• Your goal
Please transcribe, word for word, the line containing "kaayee-koala-mutter-kind-holzpuzzle-medium-tiermotiv image 6" and every line after it through the end of the records below, and nothing else.

**** Exercise materials ****

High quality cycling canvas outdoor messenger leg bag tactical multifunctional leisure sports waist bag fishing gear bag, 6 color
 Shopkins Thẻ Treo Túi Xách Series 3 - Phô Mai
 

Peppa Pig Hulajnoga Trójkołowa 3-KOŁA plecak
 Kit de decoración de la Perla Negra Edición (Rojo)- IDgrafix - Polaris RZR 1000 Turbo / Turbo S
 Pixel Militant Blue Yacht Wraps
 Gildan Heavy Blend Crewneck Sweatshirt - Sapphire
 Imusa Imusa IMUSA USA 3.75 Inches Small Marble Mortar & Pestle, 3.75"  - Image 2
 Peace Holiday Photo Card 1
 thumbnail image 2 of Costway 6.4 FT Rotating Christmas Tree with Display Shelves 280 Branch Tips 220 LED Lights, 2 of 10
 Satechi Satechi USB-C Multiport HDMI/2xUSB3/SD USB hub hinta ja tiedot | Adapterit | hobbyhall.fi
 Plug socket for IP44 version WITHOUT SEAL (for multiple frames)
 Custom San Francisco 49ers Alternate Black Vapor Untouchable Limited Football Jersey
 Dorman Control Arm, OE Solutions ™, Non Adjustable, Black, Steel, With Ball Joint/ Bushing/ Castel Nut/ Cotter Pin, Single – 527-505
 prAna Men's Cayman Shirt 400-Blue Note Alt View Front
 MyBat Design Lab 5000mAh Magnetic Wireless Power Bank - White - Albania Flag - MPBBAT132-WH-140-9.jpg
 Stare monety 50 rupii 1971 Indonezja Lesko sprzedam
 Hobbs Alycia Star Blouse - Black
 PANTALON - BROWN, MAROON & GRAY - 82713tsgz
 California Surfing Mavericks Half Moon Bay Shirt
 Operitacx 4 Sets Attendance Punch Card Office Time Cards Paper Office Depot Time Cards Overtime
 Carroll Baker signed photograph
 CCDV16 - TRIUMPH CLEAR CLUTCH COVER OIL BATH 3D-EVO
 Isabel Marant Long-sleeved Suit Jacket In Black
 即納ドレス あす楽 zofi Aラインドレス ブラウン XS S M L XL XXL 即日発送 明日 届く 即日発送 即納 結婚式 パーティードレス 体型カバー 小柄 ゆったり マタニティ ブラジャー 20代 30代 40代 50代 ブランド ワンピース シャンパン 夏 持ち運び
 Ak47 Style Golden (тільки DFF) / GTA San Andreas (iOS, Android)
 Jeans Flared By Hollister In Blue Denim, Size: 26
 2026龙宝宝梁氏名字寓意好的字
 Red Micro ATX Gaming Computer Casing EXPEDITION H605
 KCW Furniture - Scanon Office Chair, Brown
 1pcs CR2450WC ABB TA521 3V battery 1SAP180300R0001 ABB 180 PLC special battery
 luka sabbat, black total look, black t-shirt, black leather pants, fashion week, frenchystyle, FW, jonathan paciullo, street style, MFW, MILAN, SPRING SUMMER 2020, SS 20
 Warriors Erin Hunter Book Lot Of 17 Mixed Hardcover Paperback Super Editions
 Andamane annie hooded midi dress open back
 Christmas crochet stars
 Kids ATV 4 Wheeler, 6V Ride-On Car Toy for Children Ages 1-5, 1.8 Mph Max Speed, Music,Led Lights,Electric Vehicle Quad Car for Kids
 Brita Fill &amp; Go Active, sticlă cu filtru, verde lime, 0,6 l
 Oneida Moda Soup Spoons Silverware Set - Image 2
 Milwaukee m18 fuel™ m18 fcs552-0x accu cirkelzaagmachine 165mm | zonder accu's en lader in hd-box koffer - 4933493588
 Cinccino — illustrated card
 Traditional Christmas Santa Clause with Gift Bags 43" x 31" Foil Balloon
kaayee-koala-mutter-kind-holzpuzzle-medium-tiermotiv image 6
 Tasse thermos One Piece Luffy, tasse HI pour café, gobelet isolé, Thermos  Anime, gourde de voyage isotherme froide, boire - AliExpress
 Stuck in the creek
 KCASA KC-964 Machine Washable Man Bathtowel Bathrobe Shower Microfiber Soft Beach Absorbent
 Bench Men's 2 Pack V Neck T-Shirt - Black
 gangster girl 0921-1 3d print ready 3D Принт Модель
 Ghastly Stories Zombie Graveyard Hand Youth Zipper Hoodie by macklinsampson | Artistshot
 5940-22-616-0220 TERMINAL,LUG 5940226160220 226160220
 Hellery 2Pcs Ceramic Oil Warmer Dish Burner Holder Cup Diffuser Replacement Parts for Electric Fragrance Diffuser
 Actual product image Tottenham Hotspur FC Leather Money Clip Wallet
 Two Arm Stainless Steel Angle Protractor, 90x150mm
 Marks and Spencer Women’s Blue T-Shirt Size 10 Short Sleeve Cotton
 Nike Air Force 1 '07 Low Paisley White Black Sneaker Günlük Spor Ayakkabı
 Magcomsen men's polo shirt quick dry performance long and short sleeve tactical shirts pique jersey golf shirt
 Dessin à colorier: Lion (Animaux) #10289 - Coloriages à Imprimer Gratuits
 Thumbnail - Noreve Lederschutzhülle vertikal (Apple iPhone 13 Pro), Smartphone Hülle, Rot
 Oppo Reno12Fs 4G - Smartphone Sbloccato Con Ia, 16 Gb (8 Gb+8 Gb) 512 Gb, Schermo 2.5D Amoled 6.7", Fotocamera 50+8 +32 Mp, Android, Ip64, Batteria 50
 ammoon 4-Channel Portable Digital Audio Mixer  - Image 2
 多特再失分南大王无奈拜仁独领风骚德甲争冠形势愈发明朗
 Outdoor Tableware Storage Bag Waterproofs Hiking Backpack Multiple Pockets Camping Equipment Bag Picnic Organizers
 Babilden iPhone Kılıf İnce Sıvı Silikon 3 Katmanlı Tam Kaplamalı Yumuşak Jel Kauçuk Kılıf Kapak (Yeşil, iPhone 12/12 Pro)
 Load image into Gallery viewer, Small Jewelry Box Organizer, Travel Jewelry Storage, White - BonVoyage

****

• Exercise answer
kaayee-koala-mutter-kind-holzpuzzle-medium-tiermotiv image 6
 Tasse thermos One Piece Luffy, tasse HI pour café, gobelet isolé, Thermos  Anime, gourde de voyage isotherme froide, boire - AliExpress
 Stuck in the creek
 KCASA KC-964 Machine Washable Man Bathtowel Bathrobe Shower Microfiber Soft Beach Absorbent
 Bench Men's 2 Pack V Neck T-Shirt - Black
 gangster girl 0921-1 3d print ready 3D Принт Модель
 Ghastly Stories Zombie Graveyard Hand Youth Zipper Hoodie by macklinsampson | Artistshot
 5940-22-616-0220 TERMINAL,LUG 5940226160220 226160220
 Hellery 2Pcs Ceramic Oil Warmer Dish Burner Holder Cup Diffuser Replacement Parts for Electric Fragrance Diffuser
 Actual product image Tottenham Hotspur FC Leather Money Clip Wallet
 Two Arm Stainless Steel Angle Protractor, 90x150mm
 Marks and Spencer Women’s Blue T-Shirt Size 10 Short Sleeve Cotton
 Nike Air Force 1 '07 Low Paisley White Black Sneaker Günlük Spor Ayakkabı
 Magcomsen men's polo shirt quick dry performance long and short sleeve tactical shirts pique jersey golf shirt
 Dessin à colorier: Lion (Animaux) #10289 - Coloriages à Imprimer Gratuits
 Thumbnail - Noreve Lederschutzhülle vertikal (Apple iPhone 13 Pro), Smartphone Hülle, Rot
 Oppo Reno12Fs 4G - Smartphone Sbloccato Con Ia, 16 Gb (8 Gb+8 Gb) 512 Gb, Schermo 2.5D Amoled 6.7", Fotocamera 50+8 +32 Mp, Android, Ip64, Batteria 50
 ammoon 4-Channel Portable Digital Audio Mixer  - Image 2
 多特再失分南大王无奈拜仁独领风骚德甲争冠形势愈发明朗
 Outdoor Tableware Storage Bag Waterproofs Hiking Backpack Multiple Pockets Camping Equipment Bag Picnic Organizers
 Babilden iPhone Kılıf İnce Sıvı Silikon 3 Katmanlı Tam Kaplamalı Yumuşak Jel Kauçuk Kılıf Kapak (Yeşil, iPhone 12/12 Pro)
 Load image into Gallery viewer, Small Jewelry Box Organizer, Travel Jewelry Storage, White - BonVoyage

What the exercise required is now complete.